“The press, the coverage of the war, and the buildup to the war, was almost exclusively focused on the power of our weaponry and the might of our military. Not only were the graphics quite consciously designed to look like a video game, but the message was that not only are our weapons powerful, but we as a people are powerful…That mythic narrative of war is something that always boosts ratings and sells newspapers. It’s how William Randolph Hearst build his empire at the turn of the century, by creating a war where there was no need for one…War is packaged and sanitized the same way the poisons of tobacco or liquor are packaged and sanitized.
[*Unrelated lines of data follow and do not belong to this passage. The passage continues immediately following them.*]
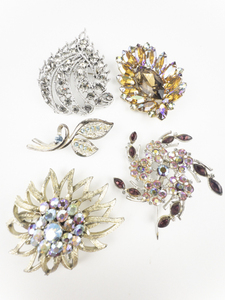 lot 153 image: Group Of 5 Bright Rhinestone & CZ Base Metal Brooches. Excellent Condition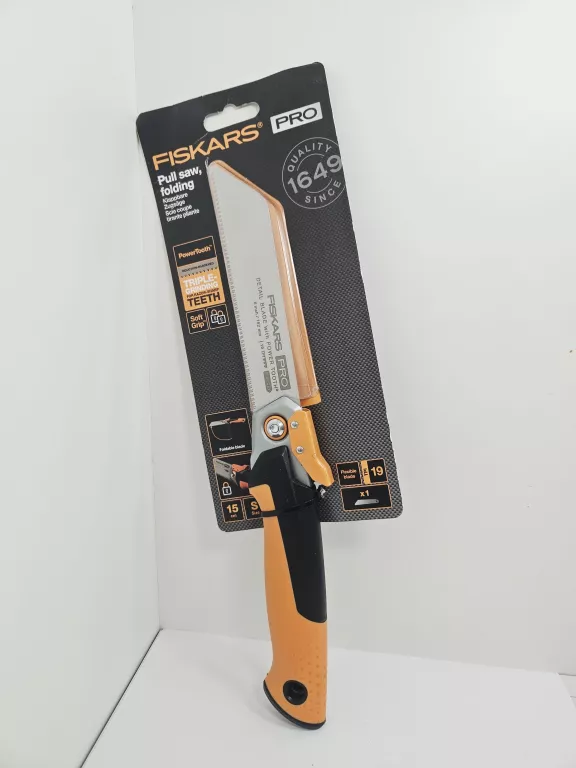 PIŁA SKŁADANA POWERTOOTH 15CM, 19 TPI FISKARS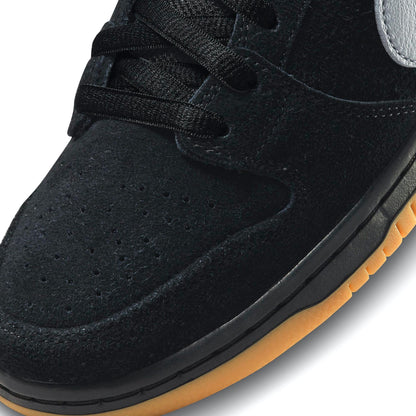 Nike Dunk Low Pro SB 'Fog' — UK 3 | EU 35.5 | US 3.5 — Lifestyle View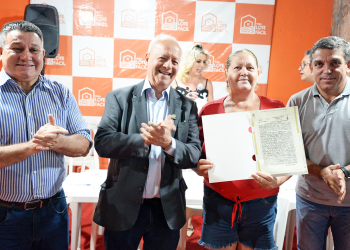 Campinas – Após 50 anos de espera, moradores do Vila Diva 2ª fase recebem matrículas de imóveis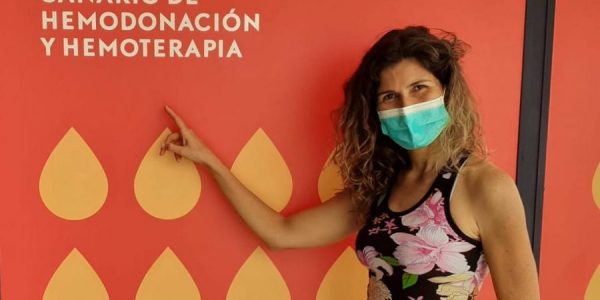 Una voluntaria posa después de haber donado | INSTITUTO CANARIO DE HEMODONACIÓN Y HEMOTERAPIA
We see enough of the titillation and excitement to hold our interest, but we never actually see what wounds do to bodies…So we go in with a stage set, and we are just looking for the characters to put against the backdrop of the scenery. We re-create over and over and over this mythic narrative that is false but that makes us feel good as a people and that everybody back home wants to read and hear. It’s war as boy’s adventure.”
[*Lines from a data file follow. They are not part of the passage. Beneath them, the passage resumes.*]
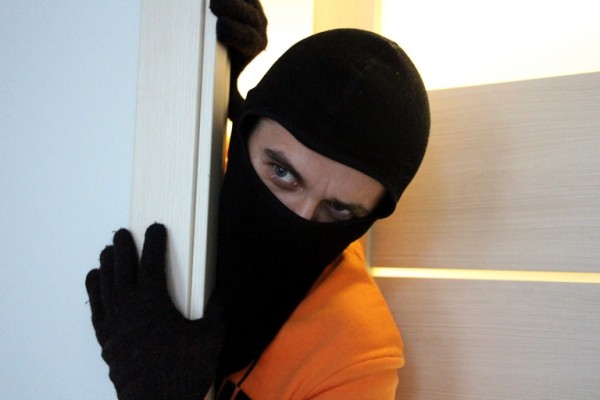 
									Омичка положила телефон за 65 тысяч на видное место, и его украли   [ВИДЕО]  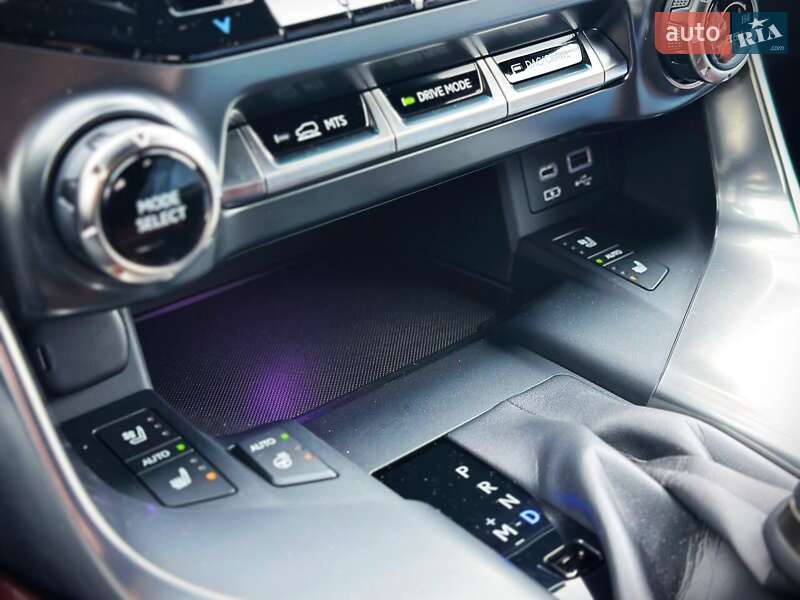 Внедорожник / Кроссовер Lexus LX 2022 в Киеве фото 36 Внедорожник / Кроссовер Lexus LX 2022 в Киеве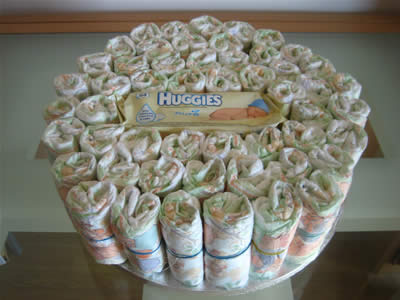 how to make diaper cakes - bottom layer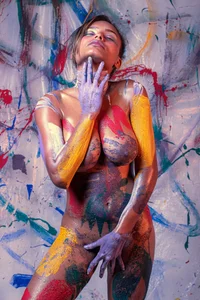 Chantal_taylor_ Painting in my body Hình 3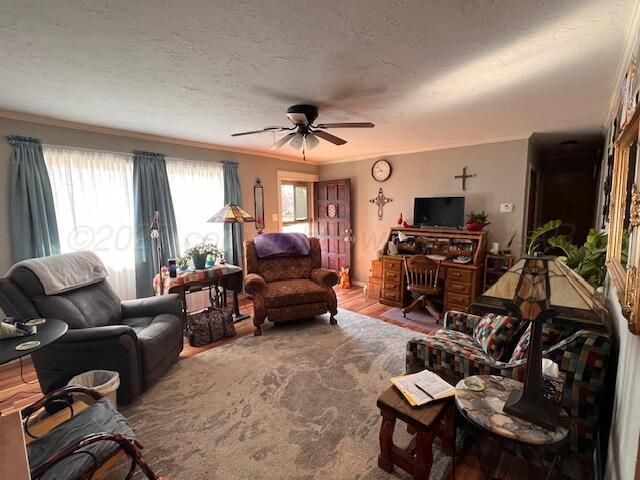 351 N Young Street, Follett, TX 79034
— Chris Hedges, interviewed in Kristina Borjesson's book Feet to the Fire: The Media After 9/11. Excerpted from pages 520 and 532.
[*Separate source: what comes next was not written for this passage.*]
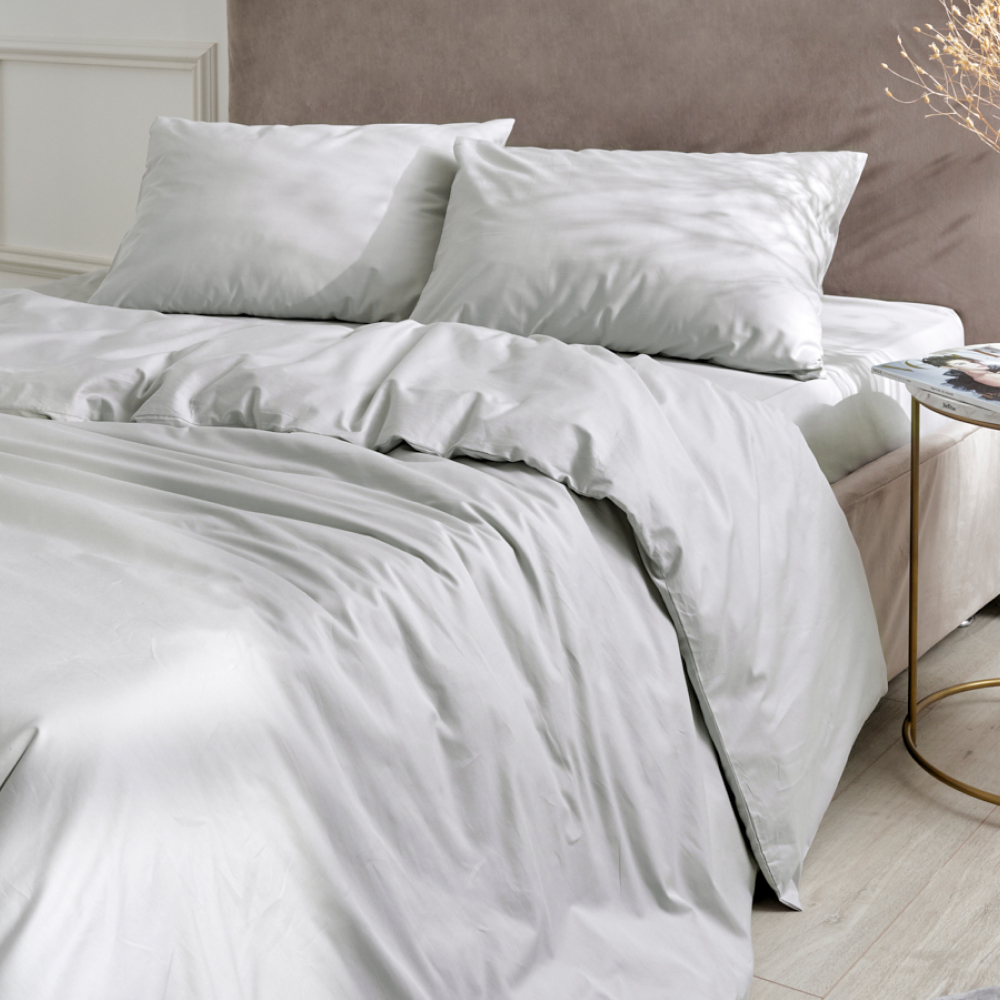 Комплект постельного белья Guten Morgen сатин цвета тумана евро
As I wrote in Technology Challenged, technology offers us vastly more information than ever before, but…“Perhaps because of a psychology evolved in a much simpler world, many find comfort in simplifying prejudices: good vs. evil, our religion vs. theirs, our ethnicity vs. theirs. Technology mediates between our environment and us, so it can reinforce the perception of any reality we want. If we want to believe that the CIA or Mossad orchestrated the flying of planes into the World Trade Center, we can find websites that document and confirm this.” The riveting interviews in Feet to the Fire shed light on how media present us with reality.
The journey we each take from cradle on, seizing new freedoms and the responsibility to wield them wisely, is mirrored by our civilization. How do we, as a society, wield the power of our technology? Consciously, critically, and thoughtfully if I have anything to say about it.